My little one is sick...
I guess in the middle of my crying and feeling so sad for my baby, I got a smile, and a big sigh of relief. When we took her to x-ray, the nurse asked if there was any remote chance of me being pregnant....I said, "yes, we are trying". Ahhh....I got it out. A stranger, I got to tell someone, and smile about it. It felt good. Then I was back to crying for Gracie.

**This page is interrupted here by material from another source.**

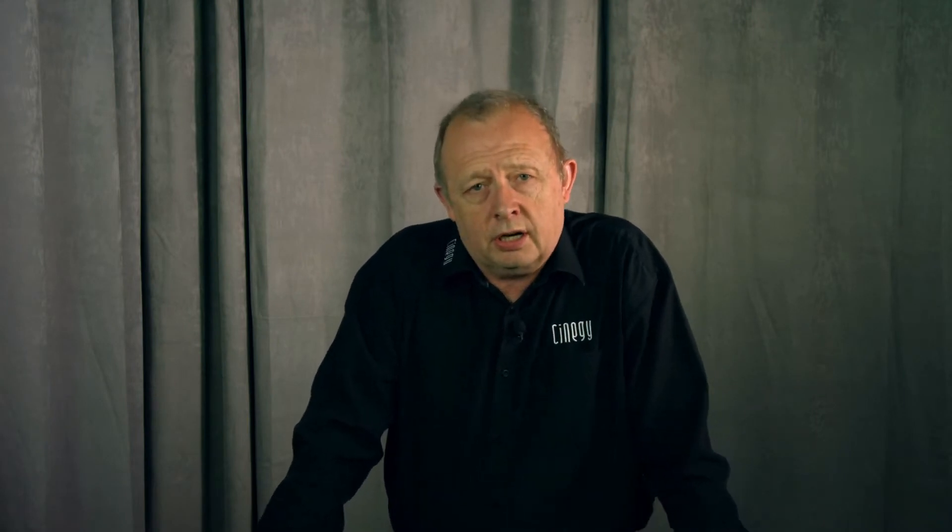Hello, my name is Simon Pilbeam and I'm going to take you through another in our introductory series of videos. This video is going to be about Synergy Capture.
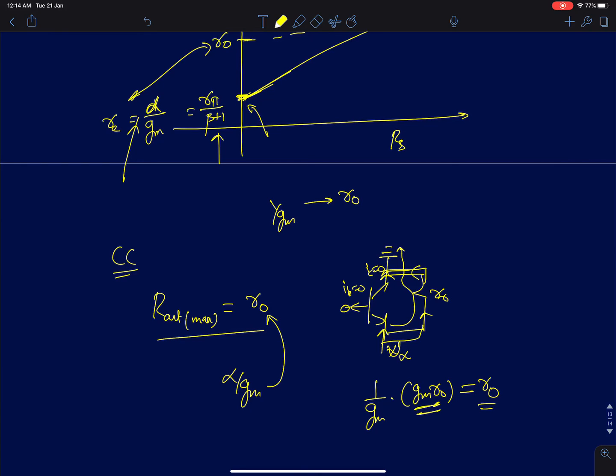In the next lecture I will wind up the common collector discussion. More or less we have finished simple single-stage amplifiers. We haven't considered emitter degeneration yet — I will discuss emitter or source degeneration in the coming lectures.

I am feeling sorry for myself today, I know I shouldn't be, but I am. Maybe it's my way of feeling bad for Grace, but that doesn't make any sense does it? I just feel blah. I don't feel pregnant, and I don't feel aunt flo coming, I just don't feel anything. I told a girl on PW yesterday that I feel numb to this whole trying to conceive concept. It gets to the point where I want to be happy, and optimistic, but I fear being happy and optimistic because of the let down if I get my period. It's a battle of the wills, and the good side is loosing. And I don't really care. Maybe this is what I need to get pregnant, maybe I need to stop caring so much and just go with what happens. hahaha......that's me laughing my ass off at myself. As if I can just go with what happens. Oh well, enough of my whining for today. I hope everyone is good. I miss all my friends so much. I wish I could just have one big pajama party and invite all my friends, and eat as much chocolate as I want to and not worry about a school bus arriving at 6 in the morning, and not worry about how my face will break out and I'll have to up the medicated washes for that, and how much weight I'll gain, and how my heart will beat too fast, geez, I really am a worry wart. Anway, hugs to all my girls out there. I love you all. And frankly anyone who is still coming to this blog to read my daily rantings, you are four star friends in my book! Thank you for being so great!